I thought I would get on the forums here and ask a guru until we can get our support connect with VMWARE direct. THANK YOU for any and all replies.
Jim
Note that our company did have a backup but it was two days old and we are looking to extract data from the SQL VM that crashed to hopefully get the last two days. OR just get it going again.
Jim
Hi Jim
I may be able to help you. Please read
Create a VMFS-Header-dump using an ESXi-Host in production | VM-Sickbay
If you create such a dump I can check wether the vmdk is recoverable.
With ESXi 6.5 the chances are hit or miss.
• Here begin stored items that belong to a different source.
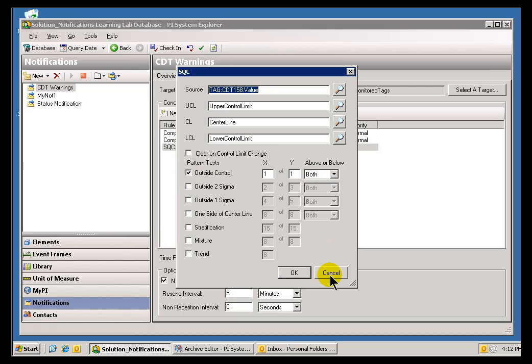That's our SQC. As I said, if you're interested in more information about SQCs, please go out and take a look at our SQC Alarm Manager or our SQC Add-In to Process Book.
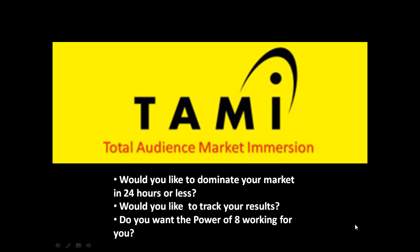Hi, this is Tammy Patser and I want to share something with you. I call it TAMI, Total Audience Market Immersion.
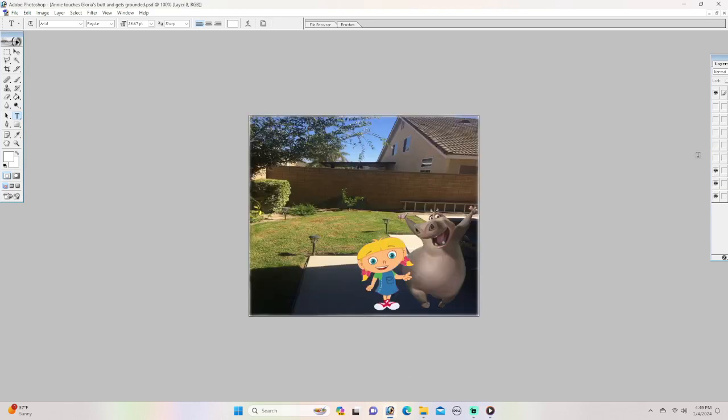Hello Gloria. What do you want Annie? I'm gonna touch your butt. What? No no no no, please don't touch my butt.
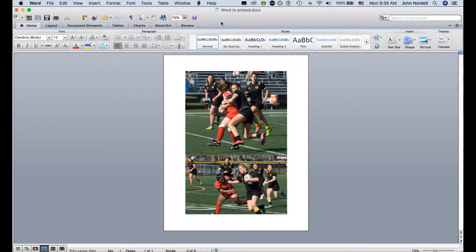Here I have a Word document in Microsoft Word. This is just a plain document. I put in a couple of photos that I took of the women's rugby team.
Provide a downloadlink for the dump and call me via skype if you want me to look into it asap.
Welcome to the Community,
to me it looks like only some metadata file got lost, which could possible be recreated.
Please enable SSH on the host, connect to it via e.g. putty, and run the following commands:
cd /vmfs/volumes/datastore1/SQL
ls -elisa > filelist.txt
Then use the datastore browser, and download filelist.txt, SQL.vmx, and vmware.log from the VM's folder. Compress/zip these three files, and attach the .zip archive to a reply post.
André
Thank you VERY much!! I am following your instructions now and will get you the sample asap. Much appreciated.
Jim Atwood
Thanks Andre, I am getting you the data requested for you to have a look. I greatly appreciate your reply, time, and expertise. Both of you gentleman.
Regards,
Jim Atwood
Plan A: work with Andre
Plan B: if that fails follow me
Hi Andre,
Attached are the requested files. I found out that the cause for our crash was that we ran out of disk space.
The SQL VM is still maxed out so we ( if correct ) will have to create a new VM with a 1TB disk that we are adding to first increase the space. Then hopefully move or resize the SQL Vm to give it more space. The issue of the Boot disk is what we are facing now and not sure whether we can even recover this or not.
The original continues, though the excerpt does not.